DATA RECORDS:
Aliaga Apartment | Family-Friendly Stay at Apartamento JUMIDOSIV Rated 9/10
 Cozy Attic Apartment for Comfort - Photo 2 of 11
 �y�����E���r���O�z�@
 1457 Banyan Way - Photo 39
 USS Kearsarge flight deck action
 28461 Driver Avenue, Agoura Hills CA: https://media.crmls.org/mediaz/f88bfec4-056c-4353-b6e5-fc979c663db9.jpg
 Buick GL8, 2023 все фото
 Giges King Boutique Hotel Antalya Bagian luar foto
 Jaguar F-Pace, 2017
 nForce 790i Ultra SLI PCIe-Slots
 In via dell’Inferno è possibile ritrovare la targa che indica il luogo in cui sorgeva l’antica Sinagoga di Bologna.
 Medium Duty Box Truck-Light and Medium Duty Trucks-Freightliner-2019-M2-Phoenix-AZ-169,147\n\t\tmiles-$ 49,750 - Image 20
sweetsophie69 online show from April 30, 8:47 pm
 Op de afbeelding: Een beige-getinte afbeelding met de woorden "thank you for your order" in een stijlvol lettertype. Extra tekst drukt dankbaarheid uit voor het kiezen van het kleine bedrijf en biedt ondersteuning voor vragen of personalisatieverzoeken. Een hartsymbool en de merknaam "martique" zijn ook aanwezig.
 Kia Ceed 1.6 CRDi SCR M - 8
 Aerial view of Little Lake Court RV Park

WHAT IS EXPECTED: Respond with the count of lines in the material above that contain the word "Apartment", and add nothing to it.

TASK ANSWER: 2